К. Эльячев называет таких детей «дети из шкафа». Когда эмоциональная депривация слишком сильна, происходит формирование иллюзии. Окружающие предметы становятся живыми, ребенок не понимает разницы между собой и окружающими предметами. Это явление также можно наблюдать у детей больных шизофренией: нет символического пространства, ребенок ощущает неживые предметы как часть себя. В игре это может проявляться так: когда куклу кормят понарошку, ребенок испытывает ужас, в этот момент ему кажется, что это его насильно заставляют есть и он этому сопротивляется. Но в мире Толи была также кошка. К моменту поступления в терапию Толе было уже 3года и 7 месяцев. В кабинете он снова и снова проигрывал свой травматичный период, который в повседневной жизни он вытеснял. Если он брал песок или воду, он урчал как кошка, если он видел шарик, застрявший в щели, он тревожился, оглядывался по кабинету и спрашивал: «Где кошка?» Я. по началу, пыталась предложить ему символическое замещение – различные варианты кошек- игрушек. Но ему была нужна его кошка. Интересным было то, что никогда с мамой или в садике он не издавал этих кошачьих звуков, которые невозможно передать, так как это было именно урчание кошки, а не попытка копировать этот звук. Его приемная мама рассказывала, что кошка также учила его взаимодействовать с миром. Когда он подрос, она научила его открывать лапой дверь из под щели внизу, и он смог выходить из своей комнаты. В этом случае мы видим, что кошка была постоянным замещающим объектом. Вероятно, она сыграла свою важную роль в выживании психики этого ребенка.


Что же происходит с мальчиком сейчас, когда ему 3,7? Он хорошо говорит, он обладает всеми навыками самообслуживания, он посещает детский сад и достаточно хорошо общается. Его приемная мама очень много для него сделала. После того, как она его забрала к себе она не переставала знакомить его с миром, вещами, окружающей природой, она учила его играть и общаться. Однако еще до сих пор он не может называть себя «Я», он не понимает своего пола и полоролевых отличий, он не может понять временных характеристик. Иногда для него прошлое имеет смысл настоящего. Также часто его родители встречаются с захватывающими его страхами из прошлого, он видит свою бабушку и убегает от нее.


В кабинете он активно играет и знакомится с пространством, но, не смотря на его возраст, игры носят скорее манипулятивный характер: он берет игрушку и вступает с ней в контакт, немножко повозит, повертит, берет следующую.

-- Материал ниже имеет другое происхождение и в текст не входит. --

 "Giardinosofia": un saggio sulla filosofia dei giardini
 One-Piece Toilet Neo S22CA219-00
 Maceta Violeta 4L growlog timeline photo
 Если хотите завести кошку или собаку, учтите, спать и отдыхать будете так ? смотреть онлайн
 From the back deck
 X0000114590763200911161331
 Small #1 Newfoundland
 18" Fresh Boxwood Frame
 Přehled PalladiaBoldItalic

Иногда, по всей видимости, его затрагивают эмоционально какие-то игрушки и он общается с ними: « коляска, коляску нужно покормить» и кладет в нее продукты. «Гулять, нужно погулять». Иногда напрямую проигрывает свой жизненный опыт: берет домик, просит у меня веревку и требует закрыть двери веревками, запирает туда игрушки, им нельзя «выйти», и начинает тревожиться, когда двери открыты. Или берет фигурки взрослых людей и говорит «бабушка хорошая, она не съест». Моя задача с этим ребенком – облечь его опыт в слова: я называю чувства и действия его героев. Коля проигрывает в кабинете очень много архаических представлений: идею поглощения (бабушка может физически съесть), идею оживления предметов и идентификацию с кошкой. Его мир пока досимволический, насыщенный страхами и примитивной агрессией.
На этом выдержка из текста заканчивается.